Waitlists Can’t Be the Only Goal

We meet students where they are.

We use a strength-based approach, meaning we get to know our students skills and interests so that those strengths can be used to support the areas of need.

This is my niece, Harlow. She amazes me with her curiosity, boundless energy, and the hard work and perseverance she exudes while learning. She was diagnosed with autism and put on the waitlist for provincial funding when she turned 2. Her 4th birthday is approaching and she is still waiting. As her proud aunt and a caring professional in the education field, I could go on and on about her progress and strengths. But for a minute, I want to share her struggles and her family’s worries, because they are big, they are serious, and they are not alone.

The Ontario government announced this week that they will be eliminating the waitlist by giving every family small amounts of funding per year. The amounts will be scaled based on the child’s age and the parents income, with the maximum being $140,000 total from the time the child is diagnosed to 18 years old. That’s $10,000/year or less. Children over 7 years old when the enter the program are guaranteed less than half, $55,000, meaning $5,000/year or less. The money is to be used by parents to seek out and pay for IBI/ABA therapy.
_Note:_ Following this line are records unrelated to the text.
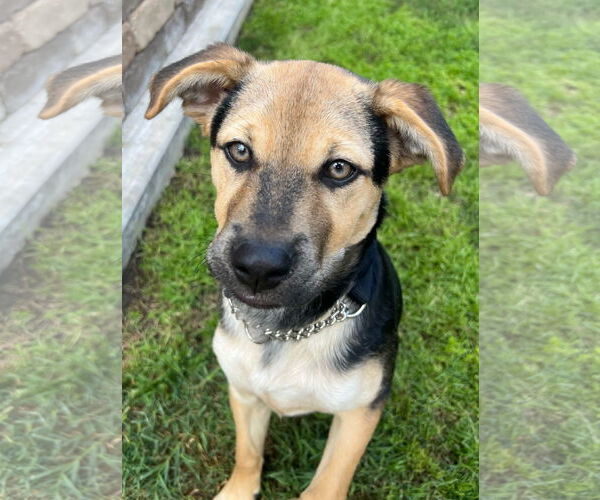 Medium Photo #3 Minnie Jack Puppy For Sale in Escondido, CA, USA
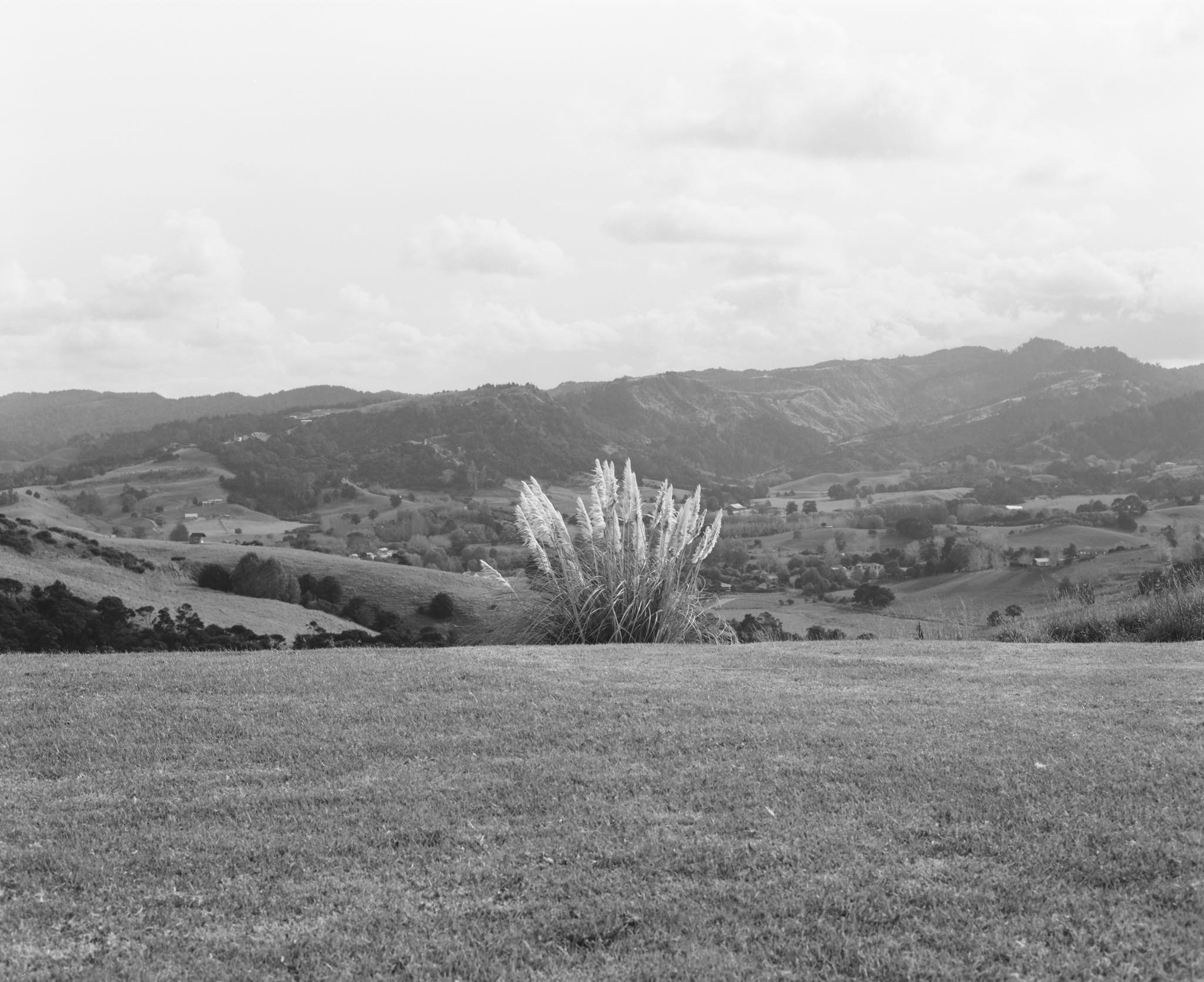 black and white photography of toetoe plant in front of valley and range of hills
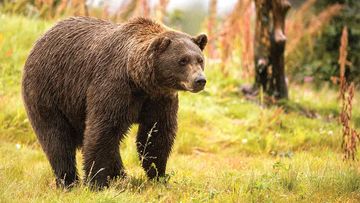 An Alaskan brown bear, like the one which mauled Allen Minish.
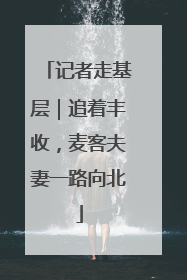 记者走基层｜追着丰收，麦客夫妻一路向北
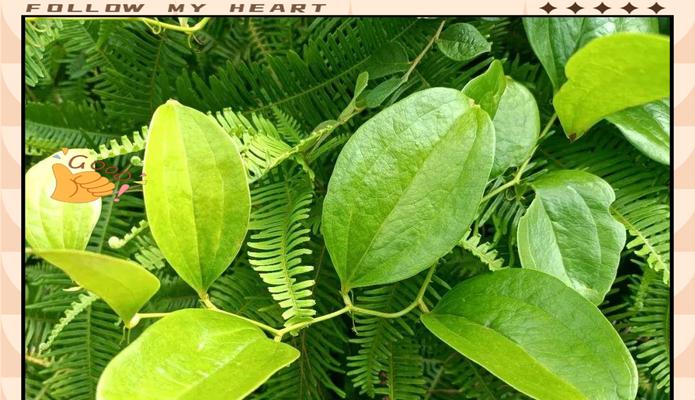 金刚藤植物的特征和用途是什么？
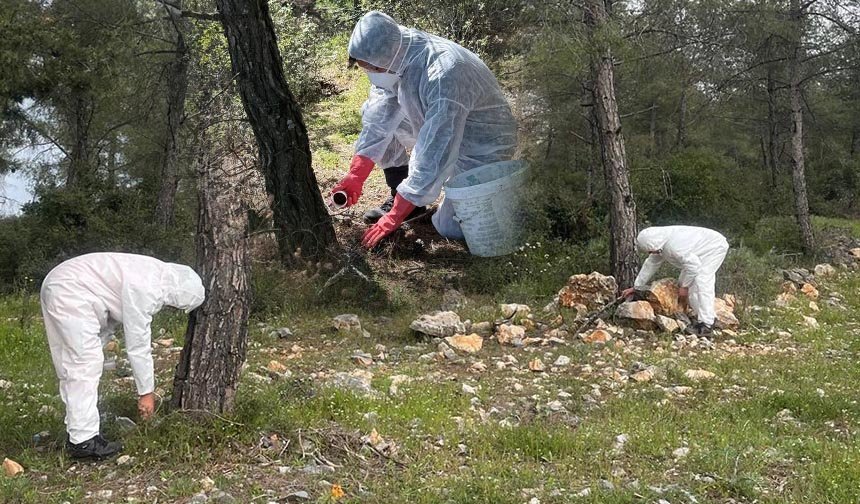 Ekipler çalışma başlattı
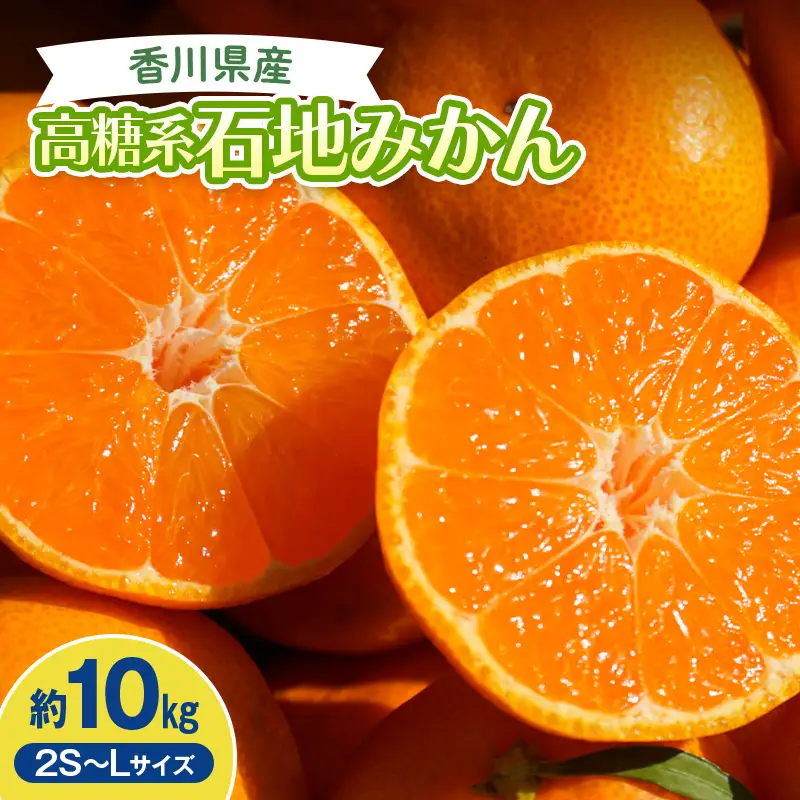 2026年冬よりお届け 高糖度系石地みかん 約10kg 果物類 柑橘類 フルーツ ギフト ジュース 果肉 みかん果汁 甘い 10キロ  柑橘 みかん ミカン 蜜柑 デザート 果物 くだもの 果実 食品 FAH-0174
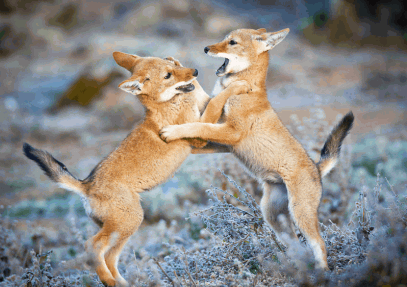 4-Day Ethiopian Trekking Safari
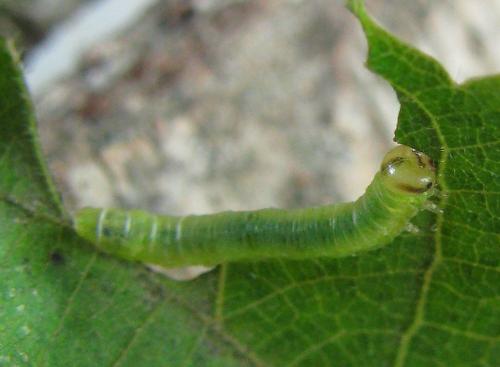 Réf. 221 231 : Pristiphora leucopus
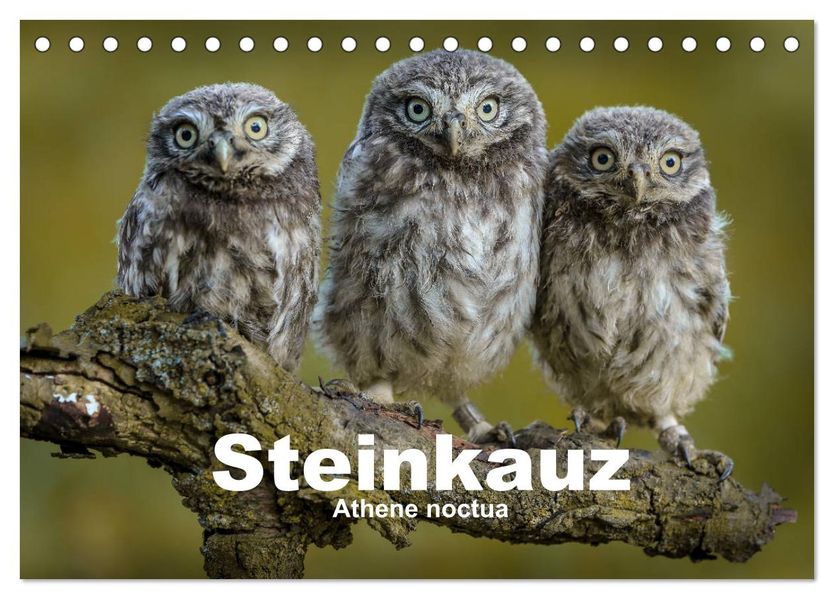 Steinkäuze (Athene noctua) (Tischkalender 2027 DIN A5 quer) CALVENDO Monatskalender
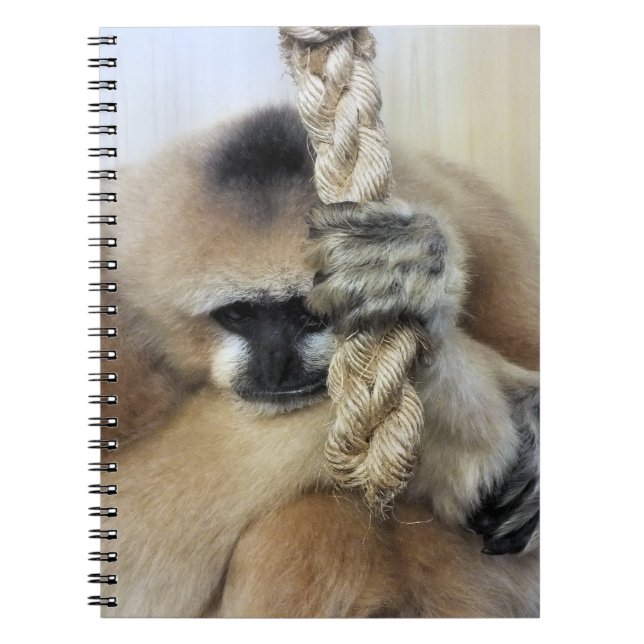 CARNET GIBBON (Devant)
The therapy my niece and so many other children need is research proven to help children with autism learn to communicate. It is also proven to be most effective at younger ages. The government’s new plan did address the age factor by saying that parents can “front load” their funding, but crunching the numbers, if parents choose to follow the effective guidelines for therapy, they will be out of funding in 2 years or less.

Harlow is non-verbal, meaning she can’t communicate her needs with words. She’s going to start school in the fall, where she will be one of up to 30 children with 2 adults in the room. It is unlikely, in the current system, that she will receive extra support from an Educational Assistant. It is likely she will wander away from the classroom. It is likely she will sob and harm herself when she is unable to get the (compassionate, yet overwhelmed) teachers in the room to understand what she needs. She does not learn the way other kids learn (although there will be several others in her class with similar struggles) and her parents will be told to seek outside support. Again, they will go into debt to get her that support because the funding doesn’t cover it.

My goal has always been to help children learn the skills they need to participate with their peers. I want to help parents find the resources they need to help their children learn, make friends, and really be a part of the community. Whenever possible, I point parents towards public services and those options are disappearing.

I do not like sharing my thoughts in writing or taking a political stand; I am an observer. I love to quietly survey a classroom environment and student interactions so that I can make effective suggestions. Watching the current government’s actions, I am at a loss for what to suggest. Under this government, funding is being cut to services for all ages and we need funding to stay in social services.